We have the PC Elite black card,,,and as others,,we put everything on it. The only time I dont is if some of our take outs give 10-20% off with cash,,,well that is always better then the card. But everything that makes sense goes on the card. We are between 800-1200 a year back in points,,,little less now since kids are not in daycare,,,and we could put daycare on there as well.
Currently collecting to have GCs for Hawaii and pay room tax and a few drinks with them.
This is why I am almost non existent with AM,,,that and there never seems anything with AM in my area anymore.


----------



## ilovetotravel1977

@mort1331 plus I would save $130 or whatever the BMO card’s annual fee is since PC ones are no-fee.


----------



## mort1331

Good Morning,,,ITS WEDNESDAY....you know what to do....have a great day.


----------



## mort1331

Late in the day for a reminder,,,hope you all save


----------



## tinkerone

mort1331 said:


> Late in the day for a reminder,,,hope you all save


I did not heed your warning last week, forgot and lost 3 offers I had wanted to save.  Thanks for the reminder now, I didn't even realize it was Wednesday.  
Good thing someone is watching out for us.


----------



## flower_petals

Shopper's has 7500 pts on every $50 Netflix or Uber eats cards until Friday.  I will be grabbing a few of each and add them to my accts.


----------



## tinkerone

flower_petals said:


> Shopper's has 7500 pts on every $50 Netflix or Uber eats cards until Friday.  I will be grabbing a few of each and add them to my accts.View attachment 663895


Thanks for the reminder.  That helped with my AM offer of spend $750 on my MC.  $150 down, $600 to go.


----------



## bgula

I have an Esso offer of 1000 pts for $20, plus one for 2000 pts for $20.  If I do this offer, do I get both?


----------



## mort1331

flower_petals said:


> Shopper's has 7500 pts on every $50 Netflix or Uber eats cards until Friday.  I will be grabbing a few of each and add them to my accts.View attachment 663895


of course they do,,,,I just bought $60 one because ours was expiring monday. Oh well,,,will still buy and stock up. Thanks


----------



## ilovetotravel1977

bgula said:


> I have an Esso offer of 1000 pts for $20, plus one for 2000 pts for $20.  If I do this offer, do I get both?

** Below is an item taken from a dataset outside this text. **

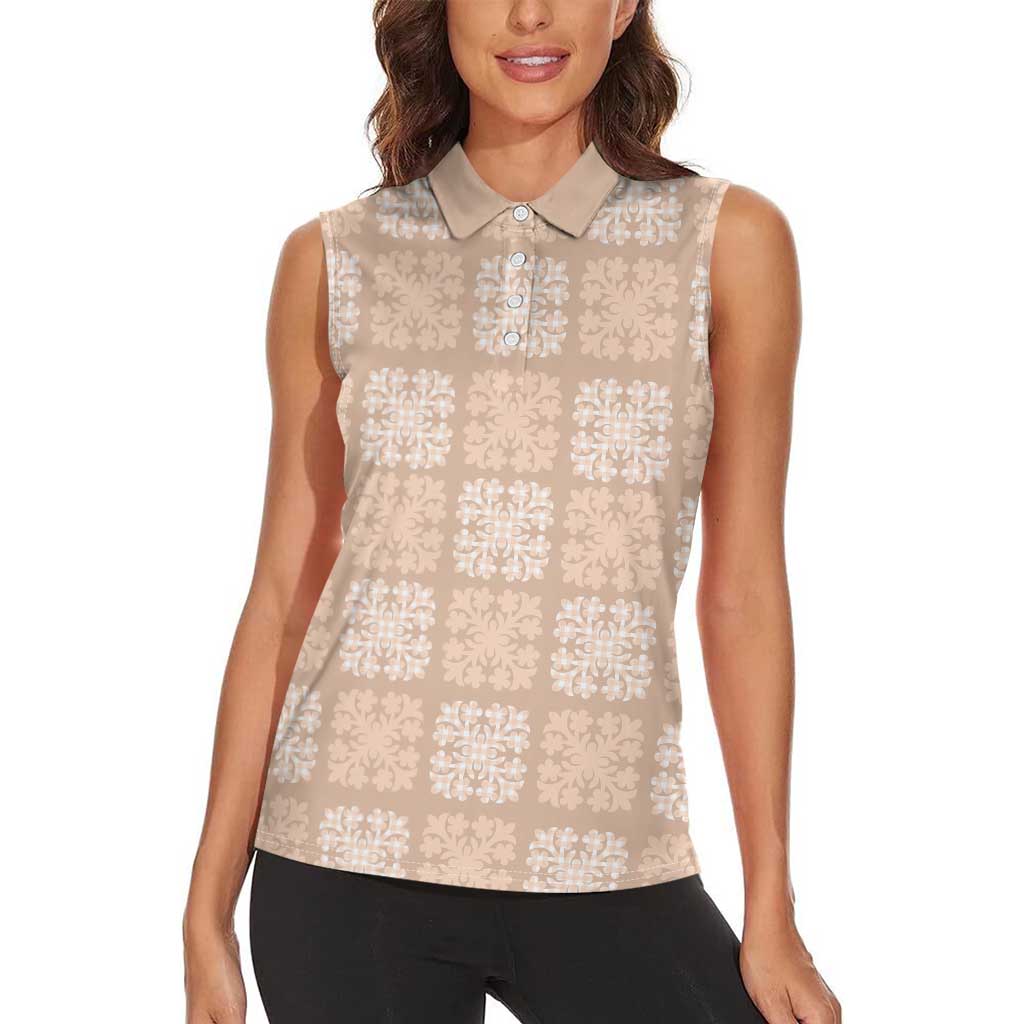 Beige Palaka Quilt Hawaii Women Sleeveless Polo Shirt Traditional Hawaii-plaid Pattern - Polynesian Pride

I have never received an ESSO offer through the program. Interesting.


----------



## mort1331

Now I have to chase points from purchase of netflix cards. Submitted over the weekend with all numbers right. Recieved an email today saying we dont see any purchase that maybe the pc opt card wasnt entered. Its attached to my MC and the number show up on the reciept. 
UGHHH
for the most part PC  points work great for us,,,but thse minor hic cups are a PIA


----------



## tinkerone

mort1331 said:


> Now I have to chase points from purchase of netflix cards. Submitted over the weekend with all numbers right. Recieved an email today saying we dont see any purchase that maybe the pc opt card wasnt entered. Its attached to my MC and the number show up on the reciept.
> UGHHH
> for the most part PC  points work great for us,,,but thse minor hic cups are a PIThe


Points for GC's at Shoppers, for some stupid reason, takes a few weeks to show up.  I bought 3 of the Netflex on the weekend and the points didn't show as well.  I wouldn't worry about it for a bit.  I will post back when my points do show just in case there is an issue with you still not getting them.  
I have, as I always do with Shoppers, kept the flyer and the purchase reciept just incase.


----------



## mort1331

Good Morning all,,,Had my coffee already,,,its |Wed,,,,save those offers.


----------



## tinkerone

mort1331 said:


> Good Morning all,,,Had my coffee already,,,its |Wed,,,,save those offers.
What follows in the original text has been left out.